Mission - Some extracts from the novel

The title of Mission's first chapter is Michael. Here is how it starts

 ... Enter Michael, dishevelled and panting. His movements are hurried, agitated and anxious. The kitchen door creaks on its hinges after his disinterested push. It does not close and it swings ajar behind him. In an instant, Michael has crossed the room as if out of a desire to distance himself from some pursuer, but now he is cornered. He stops, thinks for a moment and, realising the futility of trying to run away, returns to the door.

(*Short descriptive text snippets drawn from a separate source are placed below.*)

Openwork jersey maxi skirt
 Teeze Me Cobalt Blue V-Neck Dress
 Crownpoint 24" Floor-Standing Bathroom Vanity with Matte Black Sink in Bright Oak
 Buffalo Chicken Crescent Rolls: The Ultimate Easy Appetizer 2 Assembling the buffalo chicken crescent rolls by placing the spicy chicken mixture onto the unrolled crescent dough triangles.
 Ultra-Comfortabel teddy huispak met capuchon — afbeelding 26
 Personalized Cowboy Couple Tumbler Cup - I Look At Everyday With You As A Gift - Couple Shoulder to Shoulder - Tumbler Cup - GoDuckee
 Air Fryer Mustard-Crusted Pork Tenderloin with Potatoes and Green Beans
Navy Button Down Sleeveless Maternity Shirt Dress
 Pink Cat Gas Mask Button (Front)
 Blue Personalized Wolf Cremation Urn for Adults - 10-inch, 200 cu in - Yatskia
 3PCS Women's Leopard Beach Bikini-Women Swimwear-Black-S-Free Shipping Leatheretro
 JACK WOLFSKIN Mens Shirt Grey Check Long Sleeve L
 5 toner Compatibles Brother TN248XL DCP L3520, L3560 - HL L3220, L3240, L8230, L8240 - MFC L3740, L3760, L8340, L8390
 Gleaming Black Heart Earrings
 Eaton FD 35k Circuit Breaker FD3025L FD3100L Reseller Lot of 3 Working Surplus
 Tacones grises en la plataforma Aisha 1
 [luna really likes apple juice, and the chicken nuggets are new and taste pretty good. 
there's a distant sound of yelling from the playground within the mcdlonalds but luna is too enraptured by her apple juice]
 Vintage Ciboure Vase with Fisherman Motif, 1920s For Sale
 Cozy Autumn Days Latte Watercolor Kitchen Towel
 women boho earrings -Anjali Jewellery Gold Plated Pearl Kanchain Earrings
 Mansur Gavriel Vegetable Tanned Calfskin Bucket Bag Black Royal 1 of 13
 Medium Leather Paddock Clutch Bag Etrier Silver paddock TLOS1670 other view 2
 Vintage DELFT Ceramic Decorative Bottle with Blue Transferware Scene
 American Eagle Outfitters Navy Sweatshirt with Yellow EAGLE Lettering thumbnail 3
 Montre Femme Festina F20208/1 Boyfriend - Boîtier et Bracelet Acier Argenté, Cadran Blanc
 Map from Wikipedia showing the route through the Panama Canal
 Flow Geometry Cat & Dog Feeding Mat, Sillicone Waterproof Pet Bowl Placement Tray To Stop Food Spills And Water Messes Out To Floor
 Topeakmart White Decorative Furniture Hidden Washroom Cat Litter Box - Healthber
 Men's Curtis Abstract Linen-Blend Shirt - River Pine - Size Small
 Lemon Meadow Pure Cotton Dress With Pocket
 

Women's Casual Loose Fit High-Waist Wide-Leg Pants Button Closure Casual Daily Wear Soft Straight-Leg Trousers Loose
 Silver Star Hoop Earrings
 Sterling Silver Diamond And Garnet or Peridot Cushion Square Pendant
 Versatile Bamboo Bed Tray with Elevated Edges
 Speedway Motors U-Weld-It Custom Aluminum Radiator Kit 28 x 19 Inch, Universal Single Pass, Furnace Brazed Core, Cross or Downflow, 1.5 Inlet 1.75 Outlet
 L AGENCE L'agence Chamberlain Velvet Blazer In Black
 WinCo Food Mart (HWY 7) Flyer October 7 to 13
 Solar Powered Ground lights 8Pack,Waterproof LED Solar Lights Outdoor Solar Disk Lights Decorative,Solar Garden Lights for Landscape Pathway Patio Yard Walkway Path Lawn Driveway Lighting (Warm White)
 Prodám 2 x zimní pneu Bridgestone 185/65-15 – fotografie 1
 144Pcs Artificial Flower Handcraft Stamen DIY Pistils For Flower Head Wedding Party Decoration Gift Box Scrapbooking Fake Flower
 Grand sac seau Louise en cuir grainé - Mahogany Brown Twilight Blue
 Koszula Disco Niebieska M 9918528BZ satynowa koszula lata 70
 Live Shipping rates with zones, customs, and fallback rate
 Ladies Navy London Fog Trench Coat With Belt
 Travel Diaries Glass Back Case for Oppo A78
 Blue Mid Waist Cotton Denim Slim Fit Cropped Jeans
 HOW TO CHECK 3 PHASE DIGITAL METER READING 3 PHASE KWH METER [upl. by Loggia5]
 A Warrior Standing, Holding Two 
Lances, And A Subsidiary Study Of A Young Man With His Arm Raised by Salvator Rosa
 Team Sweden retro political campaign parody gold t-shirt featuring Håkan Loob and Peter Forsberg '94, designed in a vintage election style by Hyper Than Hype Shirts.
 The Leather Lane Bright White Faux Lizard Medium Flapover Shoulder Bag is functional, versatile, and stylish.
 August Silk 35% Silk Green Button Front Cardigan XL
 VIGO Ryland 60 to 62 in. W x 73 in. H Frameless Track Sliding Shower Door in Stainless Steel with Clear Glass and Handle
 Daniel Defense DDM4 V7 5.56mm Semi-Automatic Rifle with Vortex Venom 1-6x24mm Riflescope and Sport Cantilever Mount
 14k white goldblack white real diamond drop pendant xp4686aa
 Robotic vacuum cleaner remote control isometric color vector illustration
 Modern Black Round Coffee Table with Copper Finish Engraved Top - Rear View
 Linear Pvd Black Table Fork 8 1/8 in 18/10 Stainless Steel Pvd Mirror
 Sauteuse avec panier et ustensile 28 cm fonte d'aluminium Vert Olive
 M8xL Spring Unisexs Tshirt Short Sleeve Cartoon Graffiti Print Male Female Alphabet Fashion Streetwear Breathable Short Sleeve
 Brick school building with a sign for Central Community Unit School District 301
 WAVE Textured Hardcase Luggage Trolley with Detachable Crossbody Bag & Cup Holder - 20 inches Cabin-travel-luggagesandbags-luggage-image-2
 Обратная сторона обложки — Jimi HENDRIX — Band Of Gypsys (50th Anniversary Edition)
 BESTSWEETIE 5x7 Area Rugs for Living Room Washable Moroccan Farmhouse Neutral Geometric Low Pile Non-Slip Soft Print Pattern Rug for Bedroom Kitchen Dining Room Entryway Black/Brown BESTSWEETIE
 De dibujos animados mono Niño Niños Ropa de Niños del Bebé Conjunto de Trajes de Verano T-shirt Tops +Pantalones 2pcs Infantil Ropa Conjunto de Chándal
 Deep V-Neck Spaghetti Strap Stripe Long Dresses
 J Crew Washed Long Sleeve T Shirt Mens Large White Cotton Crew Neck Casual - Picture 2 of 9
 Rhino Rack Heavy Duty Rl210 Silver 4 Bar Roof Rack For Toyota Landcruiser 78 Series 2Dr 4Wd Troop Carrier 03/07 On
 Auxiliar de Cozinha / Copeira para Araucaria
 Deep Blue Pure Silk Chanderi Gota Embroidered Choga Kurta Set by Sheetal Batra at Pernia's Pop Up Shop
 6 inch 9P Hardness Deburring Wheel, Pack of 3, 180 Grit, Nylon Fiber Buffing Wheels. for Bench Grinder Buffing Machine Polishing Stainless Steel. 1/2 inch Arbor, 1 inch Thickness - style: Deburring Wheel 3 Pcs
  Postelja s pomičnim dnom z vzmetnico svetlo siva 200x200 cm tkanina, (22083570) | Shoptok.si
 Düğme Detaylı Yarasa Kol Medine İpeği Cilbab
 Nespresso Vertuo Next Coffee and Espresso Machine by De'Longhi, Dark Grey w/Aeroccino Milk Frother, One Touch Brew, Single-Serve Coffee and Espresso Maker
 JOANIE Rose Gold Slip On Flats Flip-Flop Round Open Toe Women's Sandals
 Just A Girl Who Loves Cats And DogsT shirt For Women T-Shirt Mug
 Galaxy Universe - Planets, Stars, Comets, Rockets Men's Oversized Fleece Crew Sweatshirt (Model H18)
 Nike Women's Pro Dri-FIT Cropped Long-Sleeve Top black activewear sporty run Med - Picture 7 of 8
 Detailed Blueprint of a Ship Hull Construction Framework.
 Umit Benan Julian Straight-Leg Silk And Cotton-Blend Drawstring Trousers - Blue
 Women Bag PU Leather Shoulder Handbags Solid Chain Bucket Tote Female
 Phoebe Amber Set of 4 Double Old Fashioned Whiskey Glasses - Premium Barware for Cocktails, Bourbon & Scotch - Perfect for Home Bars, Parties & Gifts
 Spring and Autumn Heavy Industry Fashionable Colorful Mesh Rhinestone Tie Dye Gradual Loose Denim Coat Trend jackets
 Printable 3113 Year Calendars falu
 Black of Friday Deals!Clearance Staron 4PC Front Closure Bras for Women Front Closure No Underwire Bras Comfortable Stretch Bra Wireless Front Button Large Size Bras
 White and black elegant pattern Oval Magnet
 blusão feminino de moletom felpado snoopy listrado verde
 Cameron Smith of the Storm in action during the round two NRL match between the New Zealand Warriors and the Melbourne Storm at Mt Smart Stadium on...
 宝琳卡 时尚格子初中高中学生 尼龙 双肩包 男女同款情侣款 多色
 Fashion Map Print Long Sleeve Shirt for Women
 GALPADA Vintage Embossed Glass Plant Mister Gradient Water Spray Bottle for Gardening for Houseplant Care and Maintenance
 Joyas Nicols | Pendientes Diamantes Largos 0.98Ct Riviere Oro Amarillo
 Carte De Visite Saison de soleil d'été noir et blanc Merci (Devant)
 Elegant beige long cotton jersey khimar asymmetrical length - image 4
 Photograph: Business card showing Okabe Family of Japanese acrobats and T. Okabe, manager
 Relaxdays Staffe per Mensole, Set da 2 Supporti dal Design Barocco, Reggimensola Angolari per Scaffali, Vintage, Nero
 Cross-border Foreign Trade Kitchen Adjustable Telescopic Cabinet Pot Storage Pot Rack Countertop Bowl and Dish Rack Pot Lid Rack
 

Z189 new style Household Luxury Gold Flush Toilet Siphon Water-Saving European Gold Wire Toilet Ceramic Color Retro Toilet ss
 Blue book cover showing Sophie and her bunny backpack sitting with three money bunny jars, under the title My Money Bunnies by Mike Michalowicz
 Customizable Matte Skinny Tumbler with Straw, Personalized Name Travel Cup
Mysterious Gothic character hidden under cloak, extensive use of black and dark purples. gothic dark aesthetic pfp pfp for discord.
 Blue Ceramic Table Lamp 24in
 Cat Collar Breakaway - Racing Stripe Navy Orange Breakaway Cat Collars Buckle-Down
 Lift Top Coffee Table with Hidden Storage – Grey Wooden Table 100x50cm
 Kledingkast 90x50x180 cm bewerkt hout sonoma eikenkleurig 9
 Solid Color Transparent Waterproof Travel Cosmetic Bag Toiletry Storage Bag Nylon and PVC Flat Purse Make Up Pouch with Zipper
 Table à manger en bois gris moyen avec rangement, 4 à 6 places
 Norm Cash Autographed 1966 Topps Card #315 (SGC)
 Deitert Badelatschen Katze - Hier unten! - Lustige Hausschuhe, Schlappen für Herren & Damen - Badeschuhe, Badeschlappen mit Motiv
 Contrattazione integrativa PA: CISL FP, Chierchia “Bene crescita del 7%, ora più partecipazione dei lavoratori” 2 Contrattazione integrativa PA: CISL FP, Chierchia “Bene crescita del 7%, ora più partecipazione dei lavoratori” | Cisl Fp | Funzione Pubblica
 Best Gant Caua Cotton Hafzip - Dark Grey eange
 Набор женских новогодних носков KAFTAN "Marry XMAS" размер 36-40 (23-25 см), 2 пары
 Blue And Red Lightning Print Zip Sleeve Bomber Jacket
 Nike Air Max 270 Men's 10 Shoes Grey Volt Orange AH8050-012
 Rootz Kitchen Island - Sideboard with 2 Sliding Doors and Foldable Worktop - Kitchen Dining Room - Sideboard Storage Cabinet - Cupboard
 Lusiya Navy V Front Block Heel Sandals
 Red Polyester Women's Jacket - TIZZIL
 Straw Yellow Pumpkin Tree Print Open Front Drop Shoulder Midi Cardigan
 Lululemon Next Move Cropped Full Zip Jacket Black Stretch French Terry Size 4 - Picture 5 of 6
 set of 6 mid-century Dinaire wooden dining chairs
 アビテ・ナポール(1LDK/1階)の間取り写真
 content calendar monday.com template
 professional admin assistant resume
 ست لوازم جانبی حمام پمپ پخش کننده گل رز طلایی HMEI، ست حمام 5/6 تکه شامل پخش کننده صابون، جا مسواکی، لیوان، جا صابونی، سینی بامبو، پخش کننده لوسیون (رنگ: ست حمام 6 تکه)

He pauses there and, with his head cocked on one side, listens intently, trying to discern the frantic sounds of a shouted argument taking place outside. The sounds are dulled and muffled by echoes, but he stays where he is, afraid to approach them. There are several voices: at least five are shouting in apparent opposition without any one gaining the ascendancy. Thus all blend to form a single, incoherent and meaningless noise. Trying to listen is pointless and so, with a rueful shake of the head, he advances into the room again, but this time he moves more slowly, with greater resignation, beneath some weight. He decides to sit but cannot relax. Perched on the very edge of the settee, he leans forward with his head bowed and his hands resting on his knees. He seems poised to act but is powerless. He can do nothing, now. It is too late. Still without success he tries again to make.........

The second chapter, entitled Mulonzya, deals primarily with the local member of parliament, James Mulonzya. But his father, Abel, and son, Charles play significant roles, as does an idealistic administrator, John Mwangangi, recently returned from a successful legal career in London. James and Charles are having dinner with John ...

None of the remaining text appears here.